Problem: xhr-info taking 11+ seconds (blocking TOTP login)
Root cause chain:
Every xhr-info request (which the browser sends repeatedly during and after login) called theme_list_combined_system_info(). Because post_has('xhr-info') checks %in which includes GET query parameters, nocache was always true for xhr-info requests, bypassing the theme cache entirely. This forced a full system info collection on every single request.
That collection path hit two separate slow operations:
Slow call 1: virtual_server::collect_system_info called get_startstop_links() unconditionally, which ran systemctl show for every service on the system. Each systemctl show call took ~0.9 seconds, and there were multiple invocations, adding up to ~6 seconds total. This happened because authentic-lib.pl called virtual_server::collect_system_info('manual') without checking whether the virtualmin collected cache was still fresh.
Fix: Patched authentic-lib.pl to check the age of the virtualmin collected file before triggering a full virtual_server::collect_system_info. If the file is newer than collect_interval minutes, skip the recollection and use cached data.
Also patched virtual-server/collect-lib.pl to use ||= instead of = when populating startstop, so it won’t overwrite an already-populated value from the cache.
Also disabled refresh_startstop_status() in xhr-lib.pl — this was a redundant live systemd query called before theme_list_combined_system_info on every xhr-info request.
Slow call 2: get_cpu_io_usage calls select(undef, undef, undef, 0.5) for a 0.5-second sleep between two CPU sampling reads. In miniserv’s forked child process, Perl’s select() with no file descriptor sets interacts with miniserv’s master event loop — the master polls via pselect6([5 6 10], timeout=2s) and won’t notice the child has finished until the next 2-second poll cycle. With multiple concurrent requests each triggering this sleep, the master accumulated multiple 2-second poll misses, resulting in ~10 seconds of effective serialization delay even though the actual sleep was only 0.5 seconds.

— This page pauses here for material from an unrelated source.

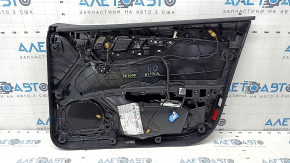 Обшивка двери карточка передняя левая Audi A4 B9 17-19 черная, черный подлокотник кожа, вставка черная кожа, под память сидений, с ручкой и сетками динамиков, потерта, под чистку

Workaround: Disabled get_cpu_io_usage collection in system-status-lib.pl (if (0 && defined(...))) — CPU I/O stats are cosmetic and 2fa seems more important to have working. Also disabled collect_pkgs to prevent apt update checks.
Supporting fixes:
- Disabled the boot-time webmincron cron (
scheduled_collect_system_info) which was acquiring the in-memory lock at startup and never releasing it, causing all subsequent collection attempts to hit “Already running”
- Disabled the 5-minute interval webmincron cron for the same reason
- Set
collect_interval=5 and collect_pkgs=0 in /etc/webmin/system-status/config
- Installed
Net::WebSocket::Server (via CPAN + libprotocol-websocket-perl via apt) so stats.pl can start when needed
TOTP login redirecting to :10000 after success
This could only be captured after a successfull login, webmin sent back a redirect to fqdn and port 10000 which was not intercepted by the nginx config for virtualmin.
Adding this to the config resolved it:
proxy_redirect https://[fqdn]:10000/ https://[fqdn]/;
Logins are now sub second or close enough.
Files modified
| File |
Change |
/usr/share/webmin/authentic-theme/authentic-lib.pl |
Skip virtualmin collect_system_info if collected file is fresh |
/usr/share/webmin/authentic-theme/xhr-lib.pl |
Disabled refresh_startstop_status() call |
/usr/share/webmin/virtual-server/collect-lib.pl |
Use ||= for startstop to preserve cached value |
/usr/share/webmin/system-status/system-status-lib.pl |
Disabled get_cpu_io_usage block |
/etc/webmin/system-status/config |
collect_interval=5, collect_pkgs=0 |
/etc/webmin/webmincron/crons/1776370355146080.cron |
Renamed to .off (interval cron disabled) |
/etc/webmin/webmincron/crons/1776370355146081.cron |
Removed boot=1 (boot cron disabled) |
/etc/nginx/sites-available/virtualmin-control |
Added proxy_redirect for [fqdn]:10000 |
Would very much like a review of these changes from some one more knowledgable of virtualmin than me. Haven’t even been working with this system for a month yet.
Also, would this be considered the solution? I’ll wait a day or two for some response before selecting this as a soltuon if nothing else pops up here.